In the pile of books set aside for summer reading was Chantal Hébert and Jean Lapierre’s analysis of The Morning After. It is supposedly their take on the 1995 Quebec Referendum. By starting with their book, this might become a long hot summer.
The book had come to the pile as a gift. It had been there for a while. The author(s) had waited almost 20 years to produce the book, so a few years on my must-read-sometime pile would hardly matter.
After reading half and skimming the rest, finishing it is questionable. It is only mildly interesting. It is like reading a review of a Shakespearean play in which you were a spear carrier. You have your own view of the actors and their gaffs.
And, not to speak ill of the dead, I cannot figure out what Jean Lapierre contributed to this book other than his name and access to some other story tellers. If he was the one who got the titular ‘No’ leader, Daniel Johnson, to agree to an interview, he was wasting his time. The only question I ever wanted to hear answered by Johnson was what the hell he was doing in politics? His chapter was a waste of everybody’s time.

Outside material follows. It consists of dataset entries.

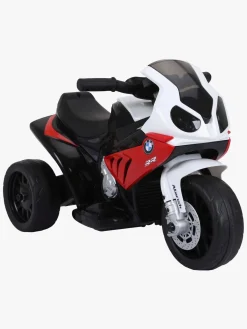 Elbiler & -Køretøjer-BMW S1000RR Elmotorcykel, Rød Rød/Hvid/Sort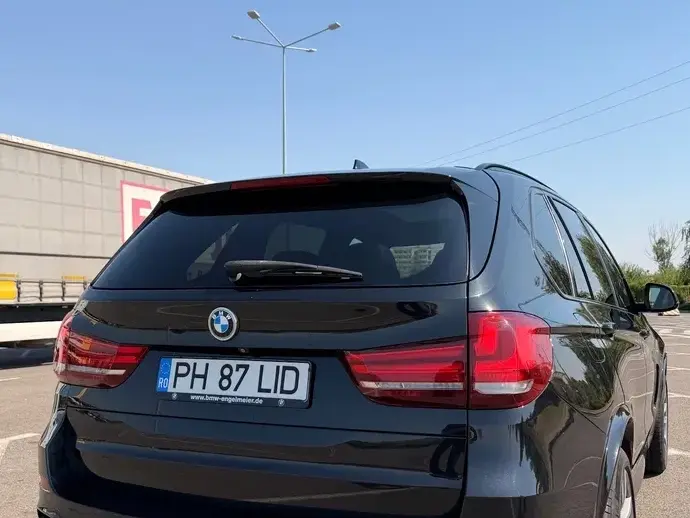 BMW X5 F15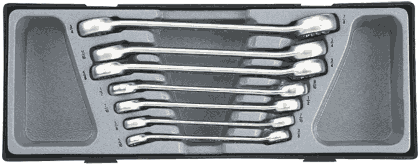 FOR T50710 TC module 7 open ringsleutels SAE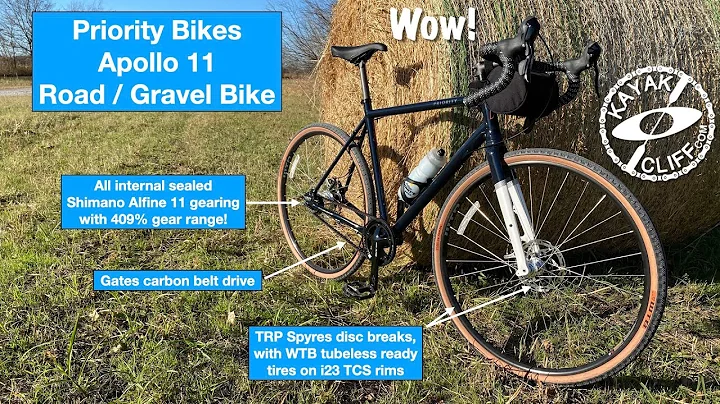 Priority Bicycles Apollo 11 Comprehensive Review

And we already knew that then Premier Jacques Parizeau was a mean-spirited, pig-headed, ‘Colonel Blimp’ caricature. He said it all on that final night, slamming ‘money and the ethnic vote.’ We should all be thankful it was his political swan song.
Lucien Bouchard was by far the most convoluted character on the referendum stage. And to think he had been our ambassador to France before joining the Mulroney cabinet. His falling out with Mulroney over the Meech Lake Accord never did make sense. Nobody’s loyalties should teeter on that sharp an edge. And his staged sophistry on separation came across as hollow.
But as much as I have always admired Chantal Hébert’s ease in explaining the Quebec scene, this is not her best effort. Maybe what we really need is writers who can explain Canada to Quebecers. They need to understand the intense love for this entire country that people have whether their family came last year or in the last century. It is not wise to test such love.
And as for Chantal’s book The Morning After. There is a pill for that.